*EXERCISE:*
Look below for the line that contains "Trylogia Uncharted PS3" and the line that contains "Skrzynka transportowa wojskowa", then restate both of them and every line in between, exactly. No picture goes in the copy.

*THE DATA:*
= Beginning of Section =
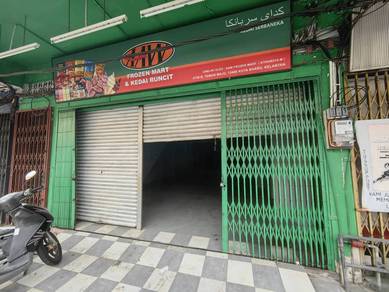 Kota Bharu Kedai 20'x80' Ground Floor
= End of Section =
= Beginning of Section =
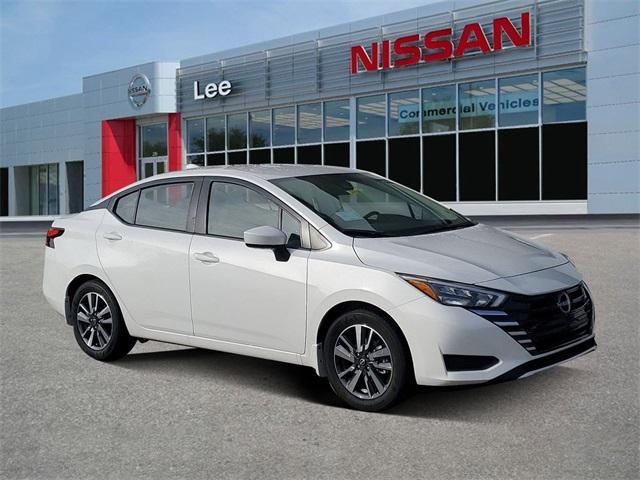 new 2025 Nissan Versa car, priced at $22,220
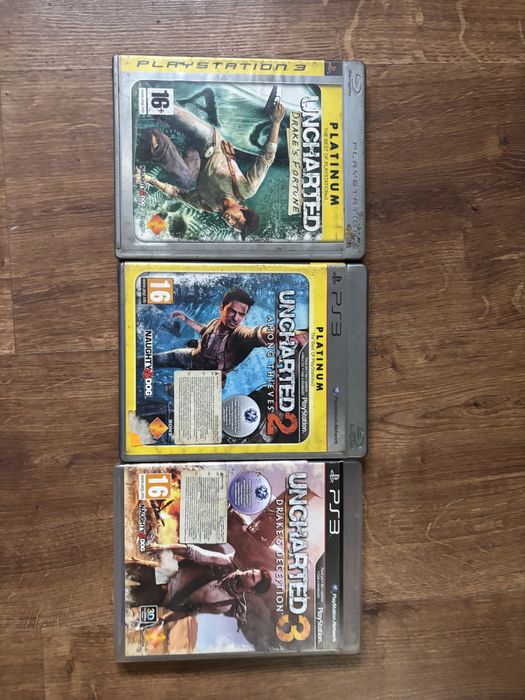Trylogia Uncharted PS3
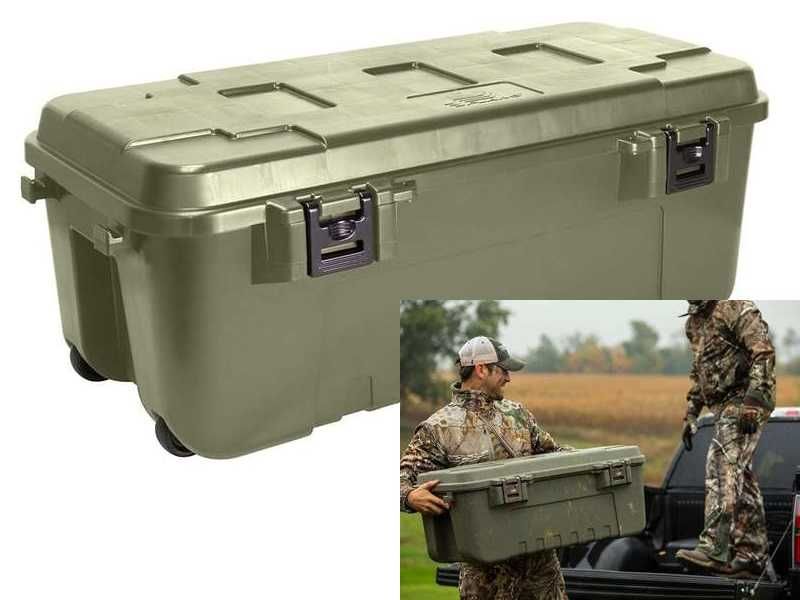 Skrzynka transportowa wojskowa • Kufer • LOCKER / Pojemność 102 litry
= End of Section =
*SOLUTION FOR THIS PROBLEM:*
Trylogia Uncharted PS3
 Skrzynka transportowa wojskowa • Kufer • LOCKER / Pojemność 102 litry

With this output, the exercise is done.